Pois é, eu não ''brigo'' com os neologismos, a não ser com a ''macaquice'' imitadora que tomou conta da moda, culinária, comércio, e outros, em que o português não existe mais, é tudo em inglês.... mas algumas vezes, acho que o pessoal extrapola, sei lá pra quê.


----------



## Medune

machadinho said:


> E bota "se há" nisso. Tradução preguiçosa e literal de "self-evident", misturando grego e latim ainda por cima. Assustador. Aparece muito na academia.
> Eu lançaria mão de transposições e expansões para evitar um adjetivo, quando mais um advérbio, desses a todo custo.
> 
> O que por si só é evidente, 2+2 = 4.
> É por si só evidente que 2+2 = 4.
> etc.



Só cuidado com o preconceito:"misturar latim e grego" chama-se" hibridismo", derivação da qual várias palavras "normais" da lingua portuguesa advém.


----------



## Joca

machadinho said:


> E bota "se há" nisso. Tradução preguiçosa e literal de "self-evident", misturando grego e latim ainda por cima. Assustador. Aparece muito na academia.
> Eu lançaria mão de transposições e expansões para evitar um adjetivo, quando mais um advérbio, desses a todo custo.
> 
> O que por si só é evidente, 2+2 = 4.
> É por si só evidente que 2+2 = 4.
> etc.



Machadinho, será que 'autoevidente' é de fato uma tradução preguiçosa e literal de self-evident? Será que o termo em português e em outras línguas neolatinas não surgiu primeiro ou mesmo simultaneamente? Só mesmo sabendo a data em que foi registrado, pela primeira vez, o uso do termo em cada língua, é que talvez pudéssemos falar em imitação grosseira.


----------



## machadinho

Mas, Joca, nem mesmo o Aulete Digital, que é o que há, registra o termo. Não quero bancar o purista. Retiro o meu comentário.


----------



## Joca

Sei que v. não é purista. Desculpe, eu não sabia a respeito do Aulete. Não retire o seu comentário. Acho que sou eu quem deve retirar o meu....


----------



## machadinho

Imagina. Não é para tanto. "self-evident" é atestado no inglês desde meados do século XVII. Algo equivalente há de existir no português há muito tempo. A gente só tem de colocar a cabeça para funcionar.

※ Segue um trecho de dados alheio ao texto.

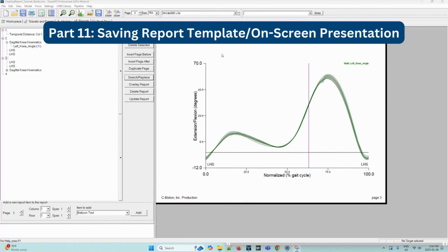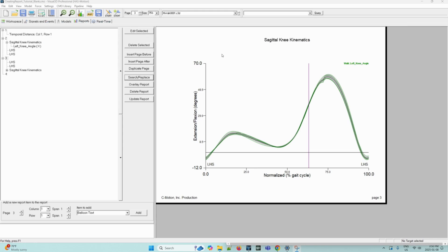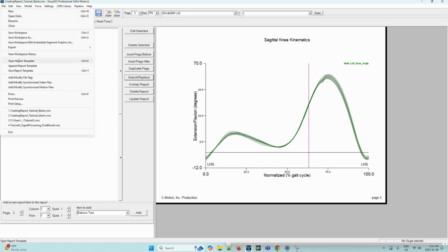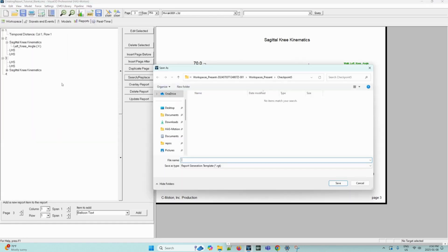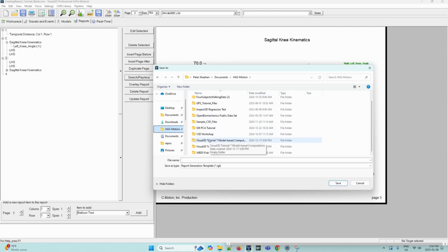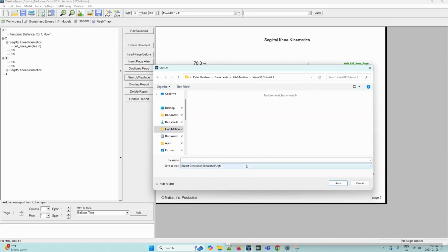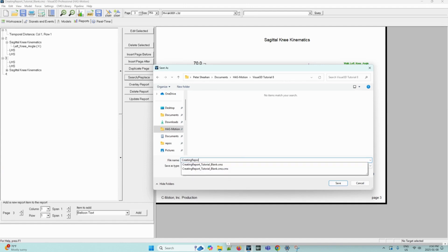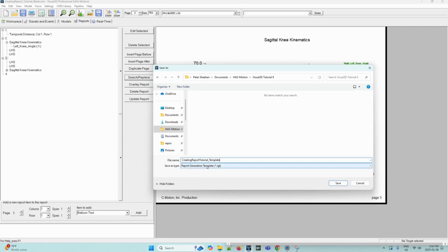Next, we can move on to saving the report template and having an on-screen report presentation. We can save the report template so that they can be applied to other CMZ files. To save a report template, you can navigate to the file menu dropdown and then select save report template. Now navigate to your required folder and then we can save this specific template as creating report tutorial_template. And this will be saved as an RGT file. Now we can hit save.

Só não é "auto-evidente". Além de não constar dos dicionários confiáveis, há tão só uma única ocorrência no Corpus do Português, sem datação mas posterior a 1999.

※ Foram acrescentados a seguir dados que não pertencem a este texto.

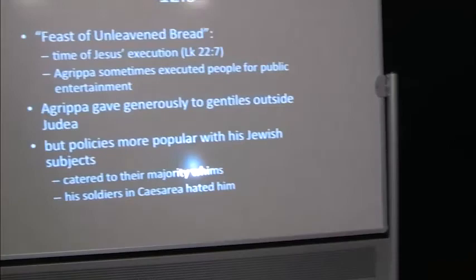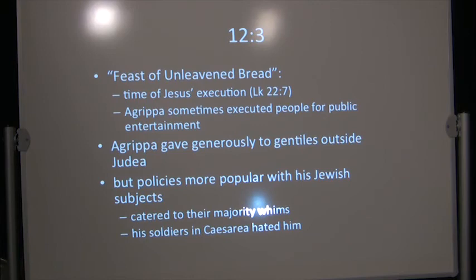This was during the Feast of Unleavened Bread. The person who reads Luke and Acts together will recall from Luke's first volume, that was the time of Jesus' execution in Luke 22:7.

O que interessa é achar um termo que dê a ideia de uma crença, frase ou proposição verdadeira cuja justificação está em si mesma e que, portanto, não precisa de provas ou argumentos adicionais para ser elevada à categoria de conhecimento.

É a ideia antiga de um *axioma*, que, hoje em dia, pelo menos no uso técnico que se faz do termo em lógica e matemática, perdeu toda essa carga epistêmica --- evidentes é a última coisa que são uns axiomas que aparecem por aí --- e ganhou ares de mera convenção.

Talvez: "necessariamente evidente"?


----------



## Medune

machadinho said:


> Imagina. Não é para tanto. "self-evident" é atestado no inglês desde meados do século XVII. Algo equivalente há de existir no português há muito tempo. A gente só tem de colocar a cabeça para funcionar.
> 
> Só não é "auto-evidente". Além de não constar dos dicionários confiáveis, há tão só uma única ocorrência no Corpus do Português, sem datação mas posterior a 1999.
> 
> O que interessa é achar um termo que dê a ideia de uma crença, frase ou proposição verdadeira cuja justificação está em si mesma e que, portanto, não precisa de provas ou argumentos adicionais para ser elevada à categoria de conhecimento.
> 
> 
> Talvez: "necessariamente evidente"?


Acho que o machadinho tem bons pontos. Então um adjectivo português _de facto_ equivalente  a _autoevidente_ poderia ser _axiomático_. Até certo ponto, não consigo pensar noutra expressão sem beirar ao famoso _categórico imperativo.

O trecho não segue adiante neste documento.